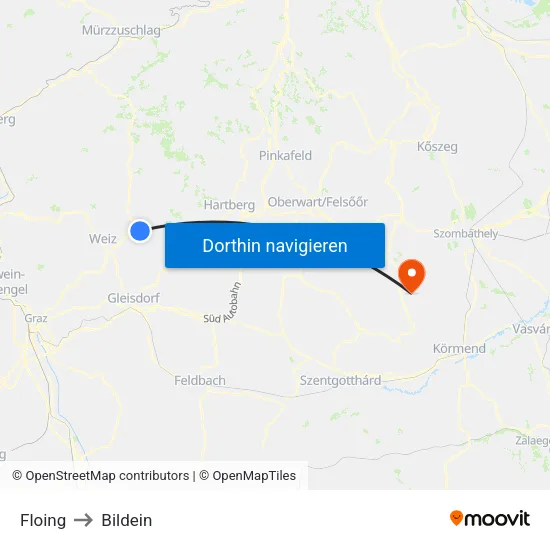 Floing to Bildein map
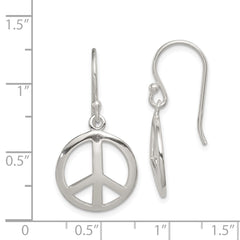 QE6901 Sterling Silver Polished Peace Dangle Earrings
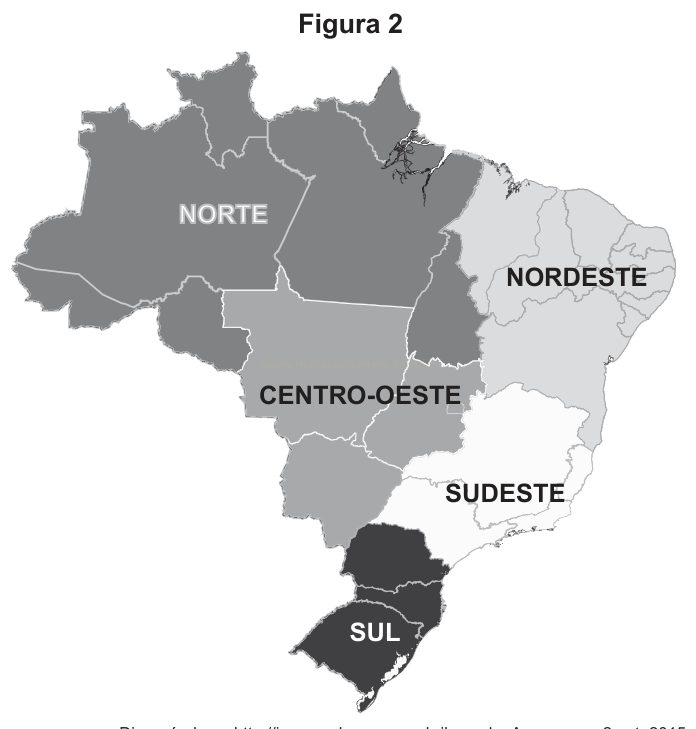 Mapa do Brasil com as cinco regiões em tons diferentes de cinza, identificadas por rótulos.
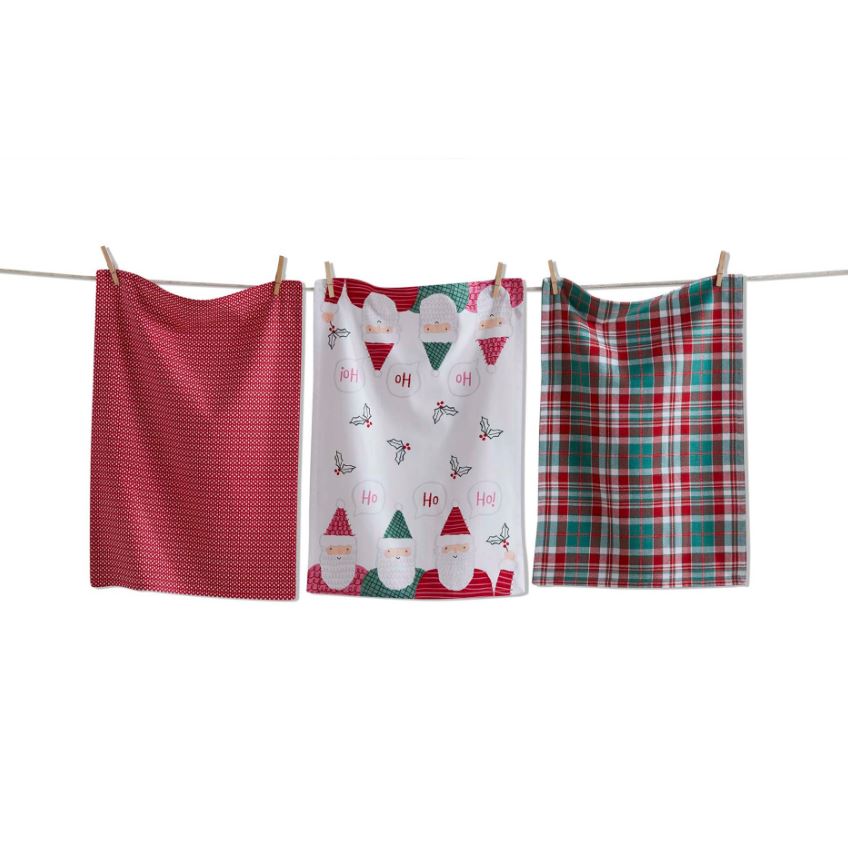 Each dishtowel features a jolly Santa design paired with a cheerful "Ho Ho Ho" message, adding a touch of whimsy to your kitchen. Made from high-quality, absorbent fabric, these dishtowels are both practical and delightful, perfect for handling kitchen tasks or brightening up your holiday decor. Choose your favorite style to enhance your seasonal celebrations or gift them to loved ones for a touch of festive fun.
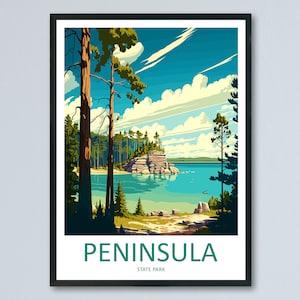 Impresión del parque estatal de la península Impresión artística del paisaje de la decoración del hogar del parque estatal de la península Arte de la península para el regalo de los entusiastas de Wisconsin Arte para colgar en la pared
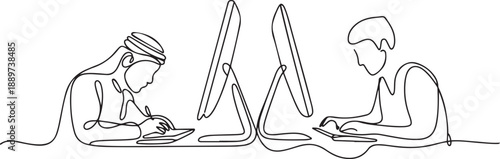 Single continuous line drawing two monitors are standing in front of each other, one side contains Arab male student studying and the other contains. one line Icon drawing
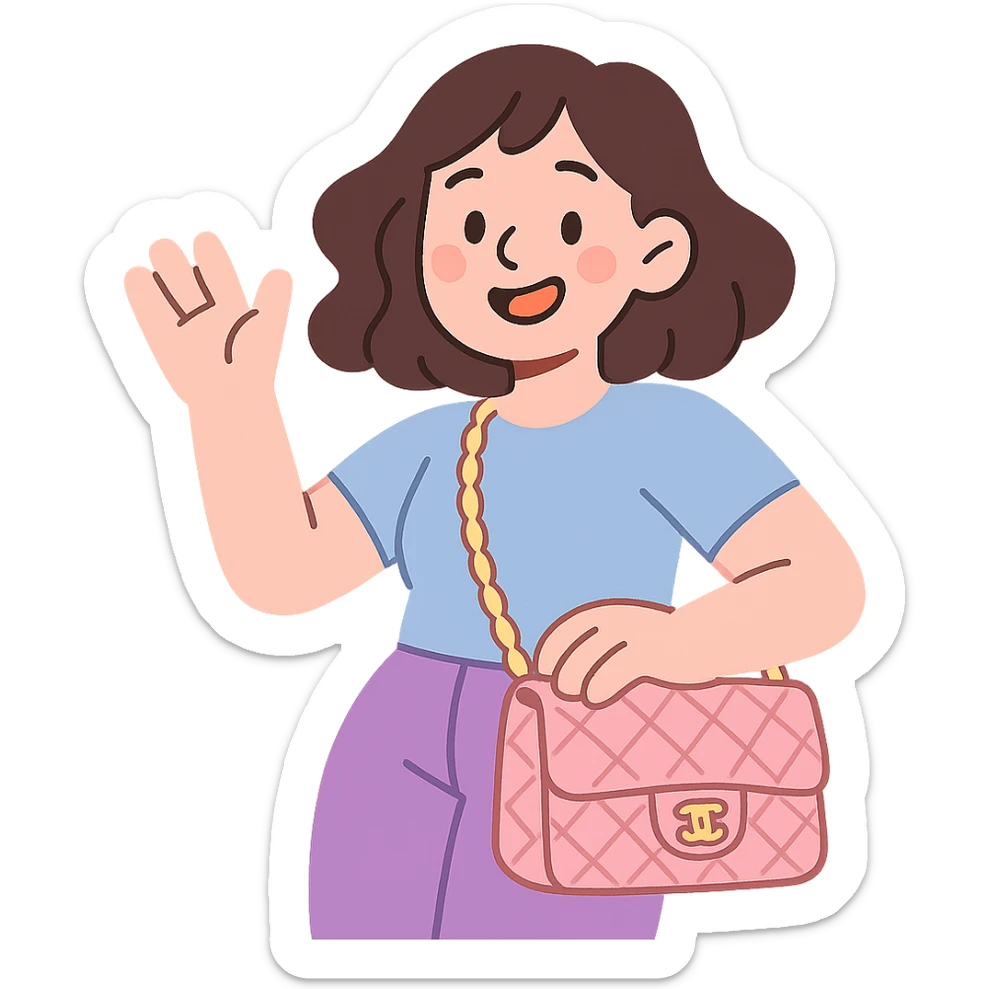 pink Chanel purse, soft colors, cute and trendy, pastel toon style sticker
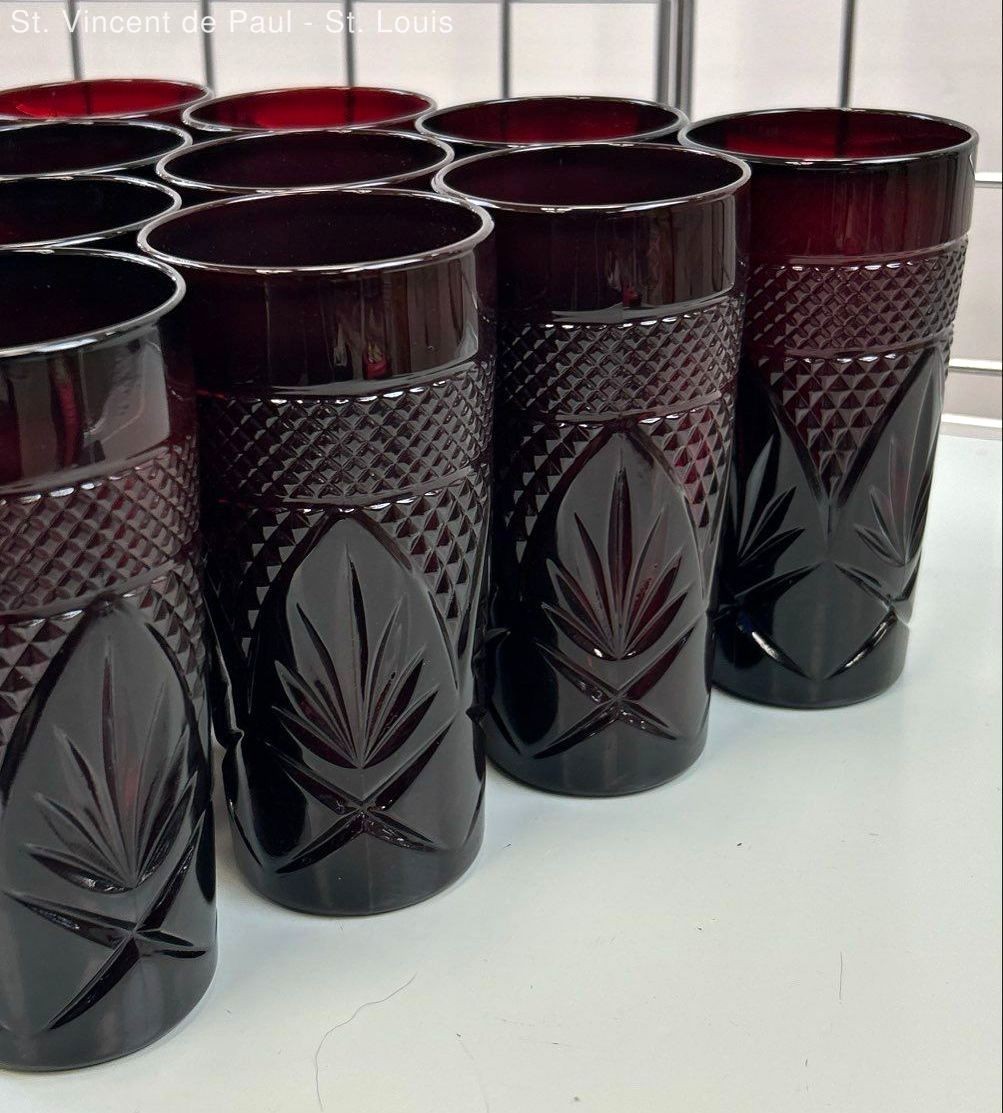 10 Vintage Luminarc Cristal D’Arques-Durand Antique Ruby Tumbler Glasses France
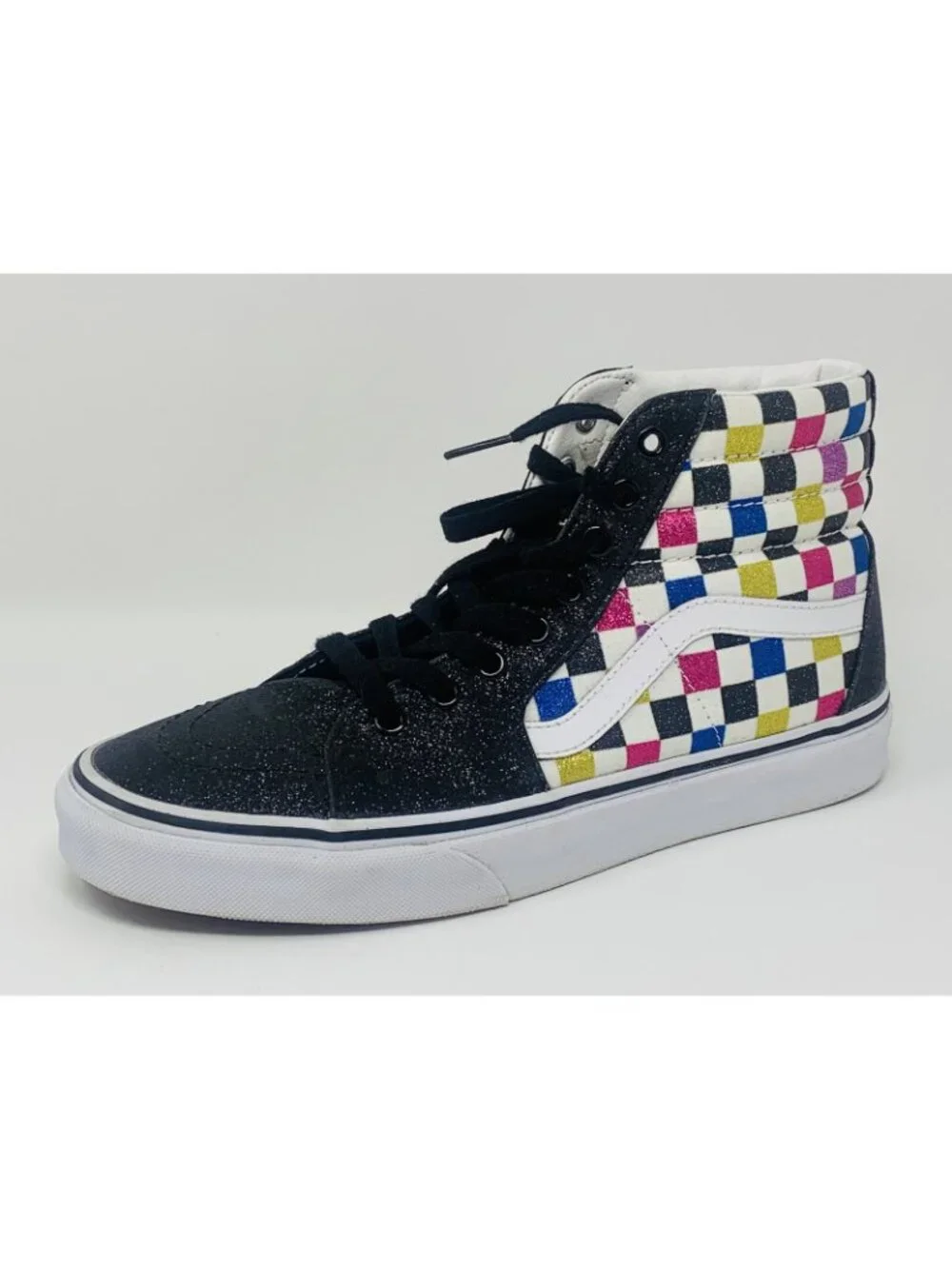 Vans Hi-Tops Checkered Glitter 8.5 Men’s 10 Women’s Skateboard Sneakers Shoes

- - - -

Your response must reproduce the listing above word for word and must contain none of its pictures.

 Floing to Bildein map
 QE6901 Sterling Silver Polished Peace Dangle Earrings
 Mapa do Brasil com as cinco regiões em tons diferentes de cinza, identificadas por rótulos.
 Each dishtowel features a jolly Santa design paired with a cheerful "Ho Ho Ho" message, adding a touch of whimsy to your kitchen. Made from high-quality, absorbent fabric, these dishtowels are both practical and delightful, perfect for handling kitchen tasks or brightening up your holiday decor. Choose your favorite style to enhance your seasonal celebrations or gift them to loved ones for a touch of festive fun.
 Impresión del parque estatal de la península Impresión artística del paisaje de la decoración del hogar del parque estatal de la península Arte de la península para el regalo de los entusiastas de Wisconsin Arte para colgar en la pared
 Single continuous line drawing two monitors are standing in front of each other, one side contains Arab male student studying and the other contains. one line Icon drawing
 pink Chanel purse, soft colors, cute and trendy, pastel toon style sticker
 10 Vintage Luminarc Cristal D’Arques-Durand Antique Ruby Tumbler Glasses France
 Vans Hi-Tops Checkered Glitter 8.5 Men’s 10 Women’s Skateboard Sneakers Shoes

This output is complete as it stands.